> **Problem to work on**: Line for line, return the data exactly, omitting all pictures.

> **Collected data**:
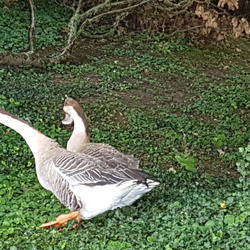 Forêt de Pinceloup (78)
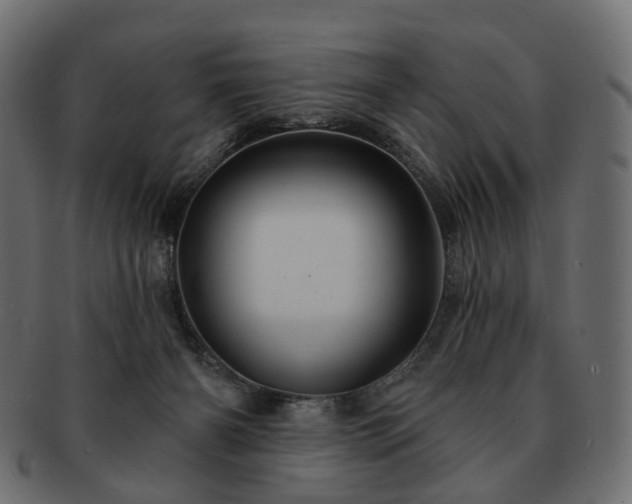 X0000093220126200710031446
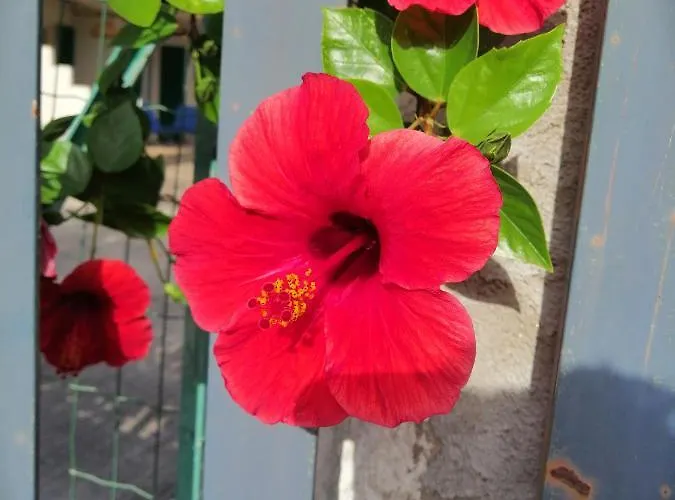 Aurora * קאפו ואטיצ'אנו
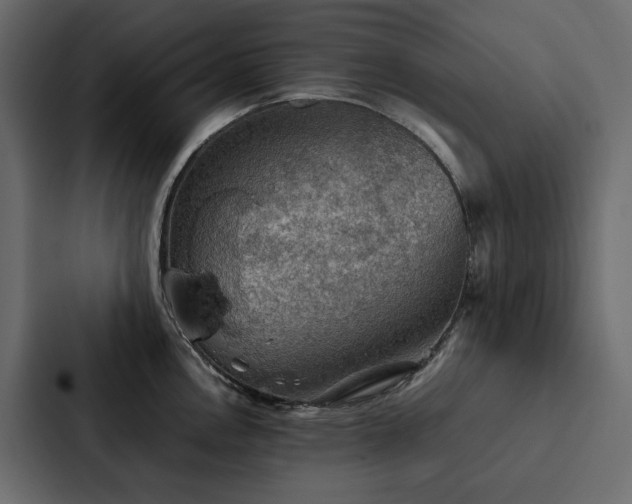 X0000088231146200705151448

> **Solution to the exercise**:
 Forêt de Pinceloup (78)
 X0000093220126200710031446
 Aurora * קאפו ואטיצ'אנו
 X0000088231146200705151448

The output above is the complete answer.